Il aura fallu beaucoup de courage au spécialiste mondial des valves cardiaques, Edwards Lifesciences, pour trouver de nouveaux locaux sur les bords du Léman. «Cela fait déjà deux ans que nous souhaitons partir de Saint-Prex, où nous sommes installés depuis 2000. Nos locaux y sont devenus beaucoup trop étroits et nos équipes sont éparpillées dans trois bâtiments», explique Patrick Verguet, le président européen d’Edwards Lifesciences. «Depuis 2005, nous avons visité une quinzaine de bâtiments, mais aucun ne convenait: ils étaient soit trop petits, soit vétustes, soit trop chers.»
La société américaine n’a jamais pensé à quitter la Suisse, en raison de la stabilité sociale et politique du pays notamment. «Le canton de Vaud nous a très bien accueillis», dit le président de la division européenne, qui ne cache pas que les autorités ont facilité l’implantation d’Edwards Lifesciences grâce à des déductions d’impôts. «Pour attirer des grandes entreprises, nous les aidons à trouver des locaux et nous leur proposons des avantages fiscaux», confirme Michel Conne, le manager Europe du DEV (Développement économique du canton de Vaud).

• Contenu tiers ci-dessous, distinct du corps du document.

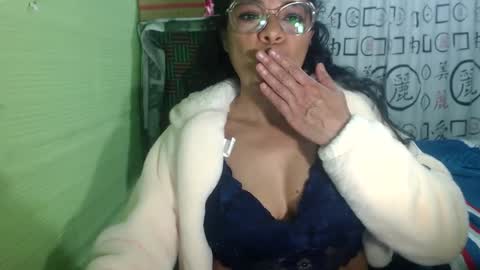 kelly online show from September 8, 7:35 pm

La firme américaine s’est finalement décidée à faire construire le bâtiment de ses rêves par l’entreprise géné-rale Bernard Nicod, à Nyon. «Nous avions aussi regardé du côté de Zoug et de la Suisse du sud, mais la majorité de nos employés francophones souhaitait rester dans le canton de Vaud», note Patrick Verguet.
Situé à l’entrée de la ville, au Triangle de l’Etraz, le nouveau siège offrira une superficie de 4200 m2, répartis sur huit étages, pour un investissement de 25 millions de francs. Le site devrait ouvrir ses portes en juin 2009. «Nous allons enfin avoir de l’espace», se réjouit Patrick Verguet. Il y avait urgence: en l’an 2000, seulement 7 salariés travaillaient à Saint-Prex. Ils sont 65 aujourd’hui (sur 5700 dans le monde), et 90 personnes de plus sont attendues dès l’année prochaine.

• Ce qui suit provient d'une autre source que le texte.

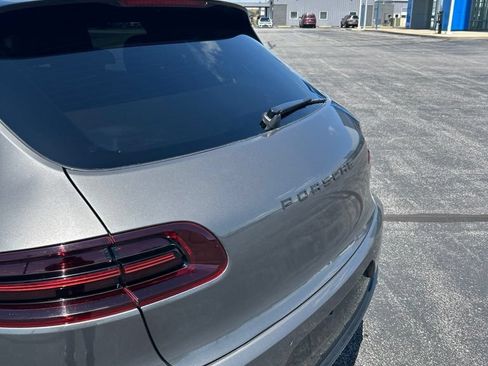 Used 2017 Porsche Macan GTS AWD/4WD image 10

A son ouverture, le site de Nyon devrait ainsi accueillir 150 employés. Une difficulté de plus pour Edwards Lifesciences, qui peine à recruter. «Le marché Suisse ne nous fournit pas assez de cadres supérieurs, souligne Patrick Verguet. Nous sommes obligés d’en chercher partout dans le monde.» Résultat: sur les onze «report directors» qui travaillent à Saint-Prex, un seul a la nationalité suisse. «Aux échelons inférieurs, en revanche, nous employons de nombreux Helvètes qui pourront progresser au sein de l’entreprise», estime le président.
Une telle croissance des effectifs s’explique par les excellents résultats d’Edwards. En 2006, son chiffre d’affaires s’est établi à 1,037 milliard de dollars (1,2 milliard de francs) en progression de 4% sur un an. «En Europe, où le chiffre d’affaires est proche de 300 millions de dollars, nous avons même une croissance à deux chiffres», précise Patrick Verguet.

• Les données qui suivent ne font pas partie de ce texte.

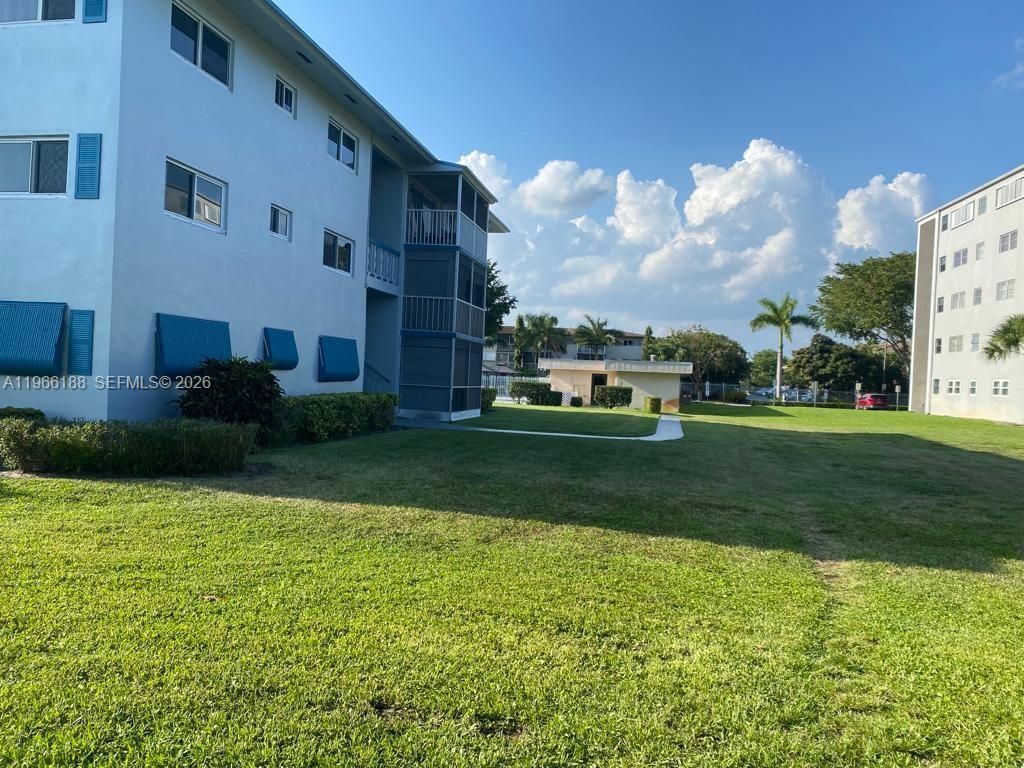 1001 Hillcrest Ct, Unit 215, Hollywood, FL 33021 Photo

La bonne santé du spécialiste des valves cardiovasculaires, spin-off du géant américain Baxter, tient notamment à sa stratégie d’investissement dans la recherche et développement (R&D). En 1957, le coïnventeur de la première valve synthétique, Miles «Lowell» Edwards, donnait son nom à l’entreprise. Un demi-siècle plus tard, Edwards Lifesciences consacre 11 à 12% de son chiffre d’affaires à la R&D.
L’entreprise ne s’est pas implantée sur les bords du Léman en raison des laboratoires de l’EPFL, du nombre important de start-up biomédicales ou de la présence des hôpitaux universitaires. «Tout le monde me demande si nous allons travailler avec l’EPFL, remarque Patrick Verguet. Je n’exclus pas une telle collaboration, mais pour le moment rien n’est prévu. Nos principaux centres de recherche se trouvent aux Etats-Unis et en Israël, pas en Suisse.»
Pour sa croissance, la société mise particulièrement sur une nouvelle valve à implantation percutanée très prometteuse, qui devrait sera introduite sur le marché européen à la fin de l’année. Actuellement, environ 300’000 patients sont opérés chaque année dans le monde d’un rétrécissement de la valve aortique. Pour traiter cette maladie, les médecins remplacent l’organe naturel par une valve biosynthétique. Mais, on estime que 90’000 patients ne peuvent pas subir cette intervention à coeur ouvert, en raison de leur grand âge (généralement plus de 80 ans), d’une détérioration cardiaque ou de l’existence de maladies associées tel le diabète. «Pour ces patients à haut risque, une intervention chirurgicale serait plus dangereuse que de ne rien faire», explique Pierre-Frédéric Keller, chef de service en cardiologie aux Hôpitaux universitaires de Genève (HUG).
C’est précisément à eux que la nouvelle valve d’Edwards, baptisée Sapien, s’adresse en premier lieu. La technique de l’entreprise américaine permet d’introduire la valve artificielle sans ouvrir le coeur. La bioprothèse est introduite sous forme fermée dans l’artère fémorale au niveau du bassin. Puis, grâce à un cathéter flexible, elle est poussée jusqu’au coeur. Une fois arrivée à destination, un ballonnet permet de l’ouvrir en lieu et place de la valve aortique malade. Une technologie qui a un prix: entre 20’000 et 25’000 euros la valve, sans parler de l’acte médical.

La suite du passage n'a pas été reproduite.